Quite often we want to use our faith to get rid of suffering. However, it can sometimes seem that God’s plan is for us to exercise a higher level of faith that will carry us through life’s challenges. As caretakers, many of our days overflow with trials that push us into negativity, and we might get caught up in self-pity. These are the times to turn to God, tell Him of our frustrations and not hide how we feel. When we remember that we are human, we can admit our mistakes and talk things through with greater calm and clarity. Being gentle and warm with ourselves, we will be in a better emotional space to be there for the person we love. Persevering let us remain unshakably committed to hearing God’s voice and offer ourselves self-compassion.

Job did not get an immediate explanation of why he lost everything. He did, over time, come to a deeper understanding of God’s greatness. He went from being someone who only knew about God to being someone who heard from Him directly. I believe this is what God can do for us when we are honest and keep seeking Him.
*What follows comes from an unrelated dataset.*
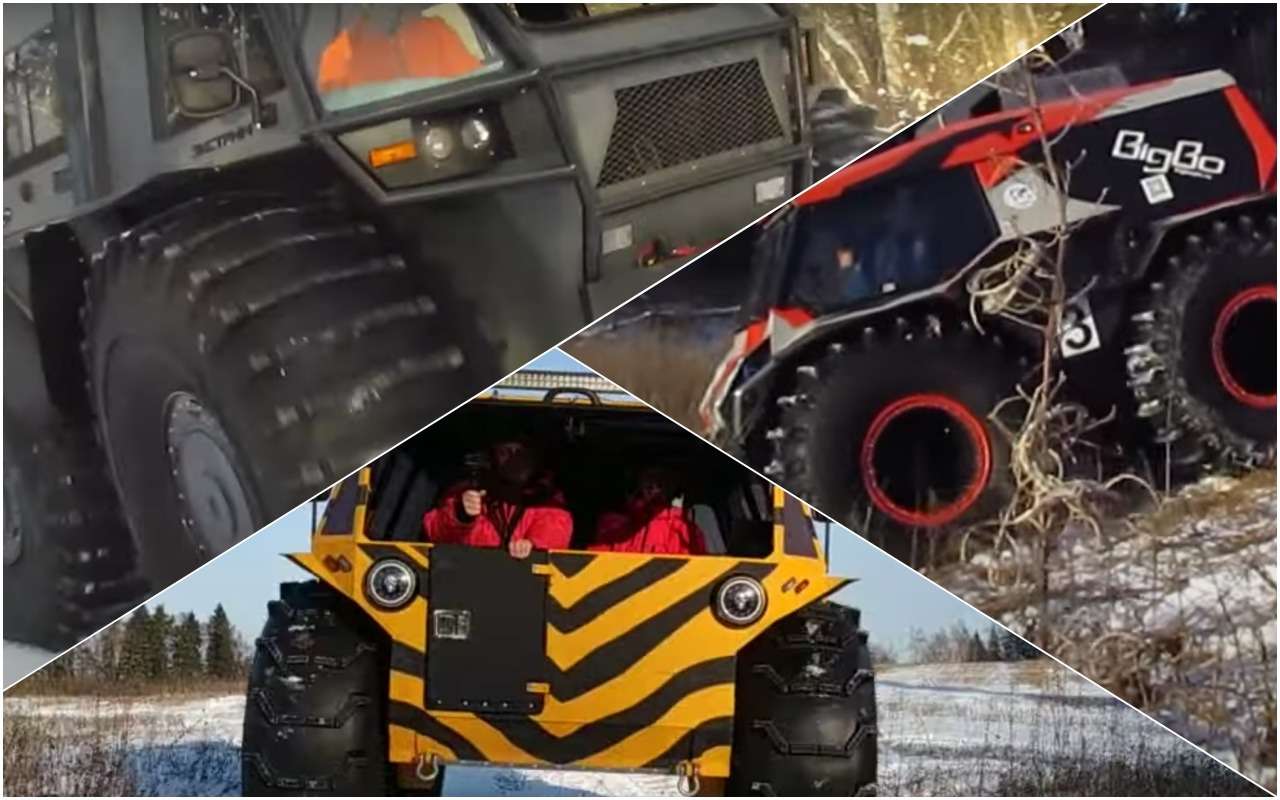 Собрали крутые вездеходы и загнали в самый глубокий снег (видео)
The challenge is making time to listen and praise God, believing ‘the Lord is compassionate and merciful.’

Life can be hard at times and we know what it feels like to feel hope slipping away. Can we believe our hope lies in the faithfulness of God? “Hold fast to the hope that lies before us.” (Hebrews 6:18) We can be confident that He will see us through every trial as we trust in Him. Especially in moments when feeling impossible to do one more thing, we are not abandoned. God with us is one of the central messages of the Bible. We can rest in the assurance that we are not alone when stress is knocking at our door.

For myself, I recognize stress often comes from my desire to do everything “I” want to do or think I am supposed to do and do it all perfectly – a tough rule to live up to! This usually leads to overplanning when I need to be resting and then I can become resentful and anxious. Has anyone found when getting so lost in the role of caretaker, you stop meeting your own needs? Can we give mercy to ourselves, knowing as we do, God’s strength will help us endure?